_EXERCISE_. Return exactly the lines below, starting with the one that has "Baked Parmesan Meatballs" and going on through the one that has "View from an".

_RECORDS FOR THIS EXERCISE_.
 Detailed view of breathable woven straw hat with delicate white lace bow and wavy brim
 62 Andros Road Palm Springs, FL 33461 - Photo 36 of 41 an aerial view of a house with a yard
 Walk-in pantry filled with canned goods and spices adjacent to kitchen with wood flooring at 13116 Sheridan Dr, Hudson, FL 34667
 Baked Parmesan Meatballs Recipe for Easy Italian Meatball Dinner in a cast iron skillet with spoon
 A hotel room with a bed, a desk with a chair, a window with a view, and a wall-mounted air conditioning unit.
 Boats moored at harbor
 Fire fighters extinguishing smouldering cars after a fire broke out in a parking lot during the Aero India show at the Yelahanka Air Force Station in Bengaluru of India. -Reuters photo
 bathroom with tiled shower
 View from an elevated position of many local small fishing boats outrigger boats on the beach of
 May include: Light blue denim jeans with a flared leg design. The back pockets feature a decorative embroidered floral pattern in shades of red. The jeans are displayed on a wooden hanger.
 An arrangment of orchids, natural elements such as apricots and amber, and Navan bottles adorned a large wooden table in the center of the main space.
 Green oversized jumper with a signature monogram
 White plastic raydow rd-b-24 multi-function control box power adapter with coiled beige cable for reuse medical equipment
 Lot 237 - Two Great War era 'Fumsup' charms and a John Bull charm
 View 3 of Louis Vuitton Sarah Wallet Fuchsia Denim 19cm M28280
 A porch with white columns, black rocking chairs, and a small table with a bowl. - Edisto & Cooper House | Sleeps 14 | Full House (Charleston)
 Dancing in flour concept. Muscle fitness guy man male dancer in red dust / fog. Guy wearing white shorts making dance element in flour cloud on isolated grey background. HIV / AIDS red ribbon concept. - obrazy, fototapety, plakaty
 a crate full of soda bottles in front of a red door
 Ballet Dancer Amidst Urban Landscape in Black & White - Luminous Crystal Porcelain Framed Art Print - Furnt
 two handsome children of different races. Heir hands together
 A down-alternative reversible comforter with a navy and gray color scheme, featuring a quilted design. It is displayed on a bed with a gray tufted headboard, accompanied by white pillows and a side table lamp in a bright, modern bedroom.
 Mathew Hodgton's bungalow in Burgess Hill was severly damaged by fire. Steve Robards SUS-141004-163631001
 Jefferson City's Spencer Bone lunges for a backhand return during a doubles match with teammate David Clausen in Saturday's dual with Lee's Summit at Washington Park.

_OUTPUT BELOW_.
 Baked Parmesan Meatballs Recipe for Easy Italian Meatball Dinner in a cast iron skillet with spoon
 A hotel room with a bed, a desk with a chair, a window with a view, and a wall-mounted air conditioning unit.
 Boats moored at harbor
 Fire fighters extinguishing smouldering cars after a fire broke out in a parking lot during the Aero India show at the Yelahanka Air Force Station in Bengaluru of India. -Reuters photo
 bathroom with tiled shower
 View from an elevated position of many local small fishing boats outrigger boats on the beach of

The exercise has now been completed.